Jantávamos num restaurante indiano, no coração de Lisboa, ali às Portas de Santo Antão. Os empregados, indianos, falam bastante mal português. O meu amigo faz o pedido. Por números. Às tantas interrompo-o, estás a pedir os pratos todos?, ele responde, estou apenas a pedir tudo o que pediste. O empregado que nos atende acena afirmativamente e sorri com um ar feliz enquanto o meu amigo continua a pedir. Numéricamente.
Continuamos a conversar. Somos interrompidos pela entrada em cena da candidata Helena Roseta, rodeada de um gupo (amigos ou família ou colaboradores, pouco importa). Tem um ar sereno. Não está ali em campanha. Está a gozar uma noite como qualquer trabalhador. Tem direito a esta pausa. Como eu. Como o meu amigo.
Entra então um daqueles vendedores de artesanato africano, que já fazem parte da paisagem turística de qualquer cidade europeia que se preze. Tenho-os encontrado por essa Europa fora, sobretudo nos países latinos. Portugal, Espanha e Itália estão cheios deles. Aparecem nos bairros típicos, nas praias que os turistas mais frequentam... geralmente as pessoas não gostam deles. Não os olham. Como se faz muita vez com os mendigos. (Para não vermos ou para não sabermos que existem?). Eu gosto deles. Gosto sobretudo de conversar com eles.

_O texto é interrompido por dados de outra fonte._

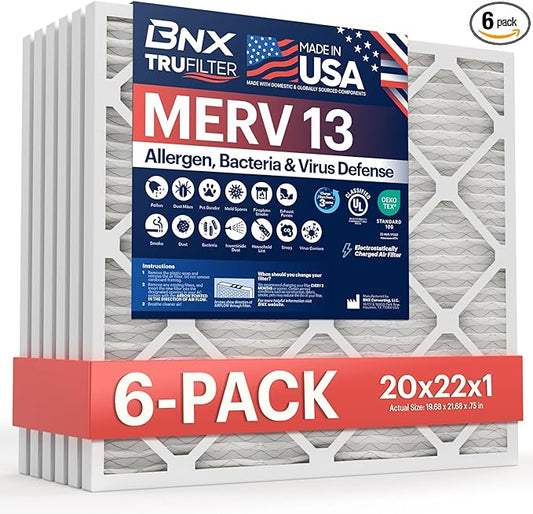 BNX TruFilter 20x22x1 Air Filter MERV 13 by BNX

Depois do nosso não e de percorrer todo o restaurante tentando vender o que quer que fosse, abeira-se outra vez da nossa mesa e poisa no tampo dois relógios que tirou não sei de onde. Só tinha visto o artesanato. Pergunto-lhe se é senegalês, acena que sim, pergunto se de Dacar e ele continua a acenar com a cabeça que sim. E ri comigo. Brinco com ele em relação aos relógios. Digo-lhe que naquela mesa só usamos rolex verdadeiros. Ele olha-me e continua a rir. Insisto que aquela mesa é de pessoal dos rolex. Recolhe então a mercadoria e despede-se rindo.
O meu amigo repara. Diz-me, visto o que ele riu contigo? Vi. É muito bom rir, não é? Sobretudo de nada. De coisa nenhuma. Assim. Só porque temos vontade de partilhar um riso com alguém que não conhecemos de lado nenhum.